Task description: Take from the entries below the stretch from the line with "2019 Toyota Rav4" through the line with "Chaturbate Best Webcam of effyevans2", and return it exactly, leaving the pictures out.

Records to process:

-------------------------

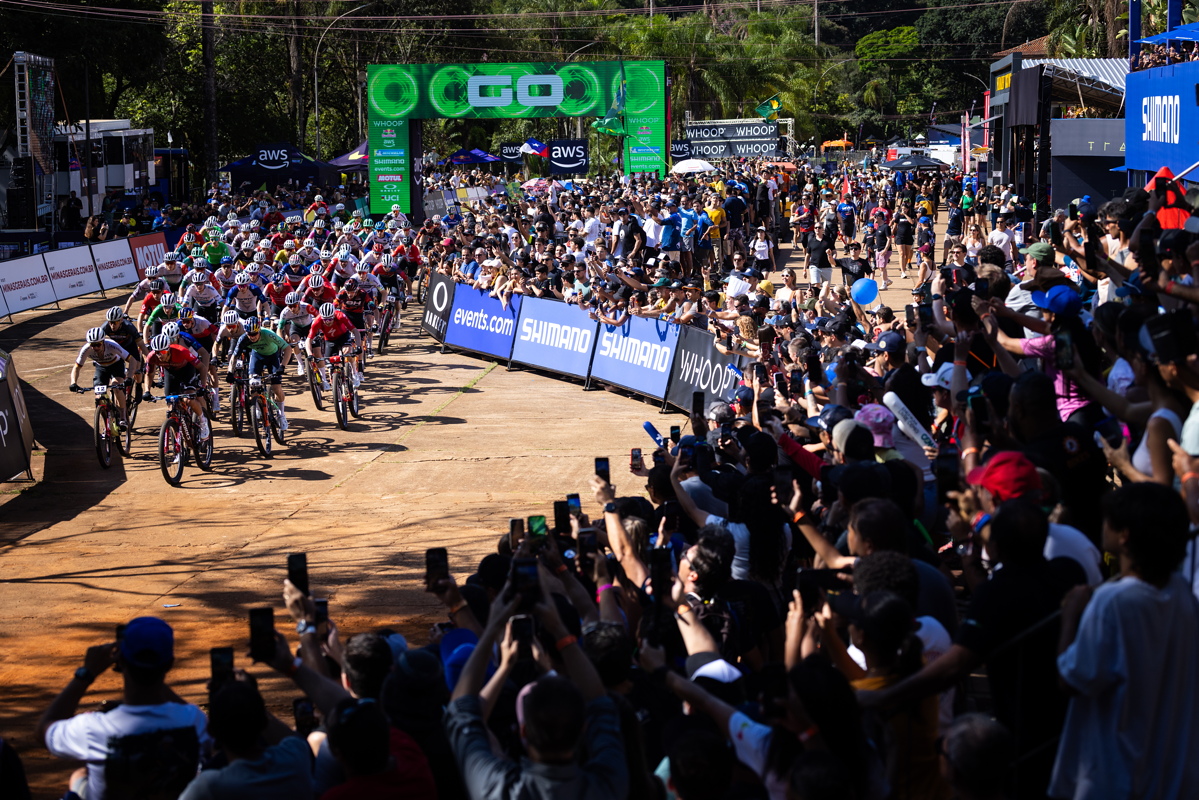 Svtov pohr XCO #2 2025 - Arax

-------------------------

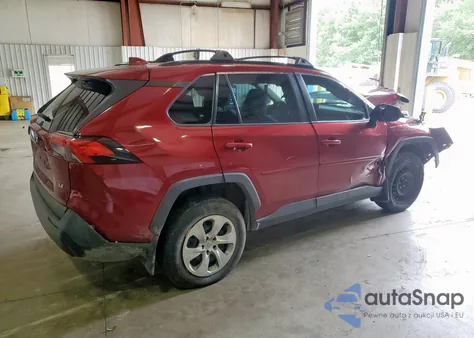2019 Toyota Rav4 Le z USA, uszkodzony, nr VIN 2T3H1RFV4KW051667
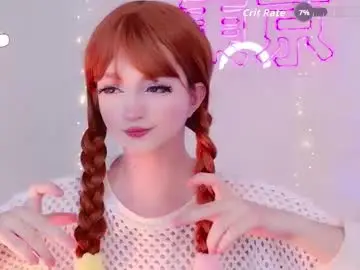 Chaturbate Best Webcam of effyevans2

-------------------------

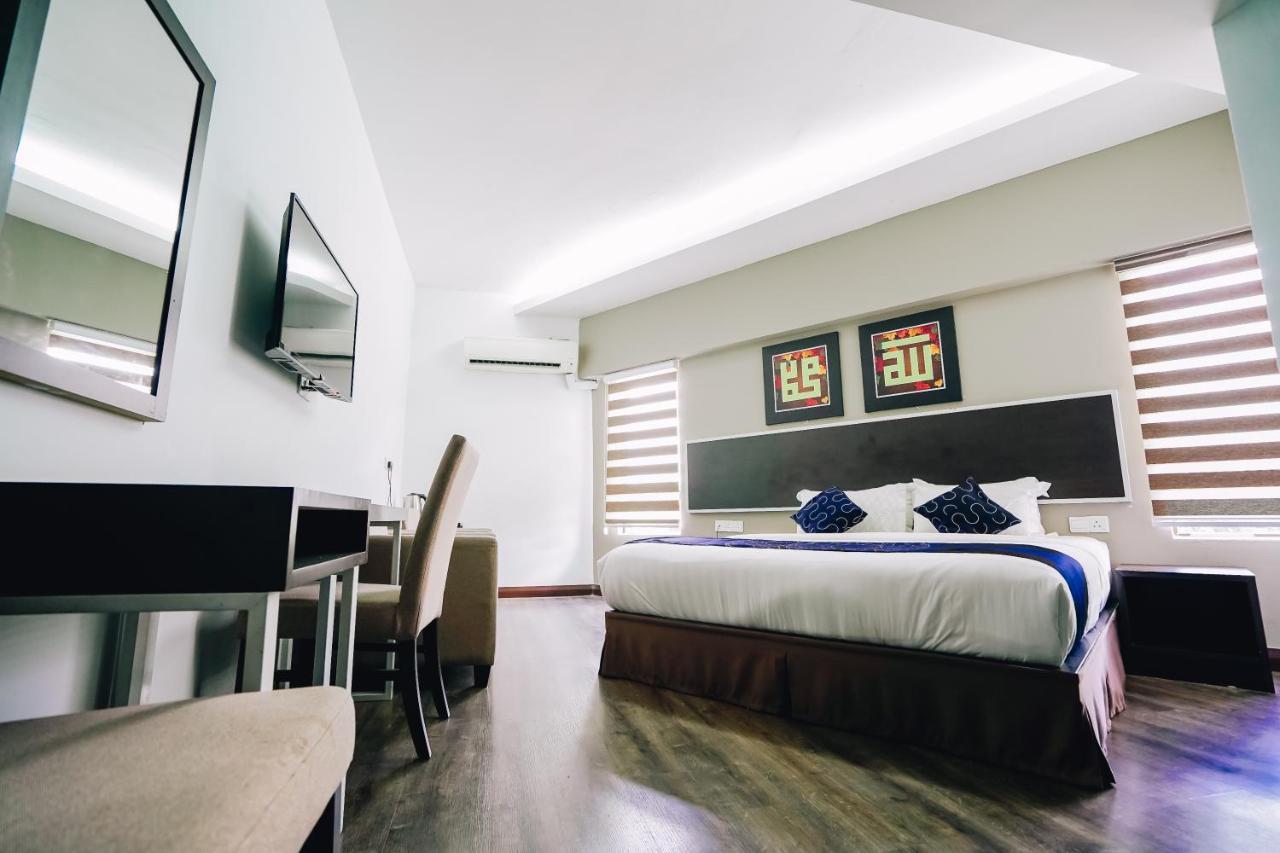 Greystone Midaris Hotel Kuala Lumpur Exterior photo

-------------------------

Solution for this problem:
2019 Toyota Rav4 Le z USA, uszkodzony, nr VIN 2T3H1RFV4KW051667
 Chaturbate Best Webcam of effyevans2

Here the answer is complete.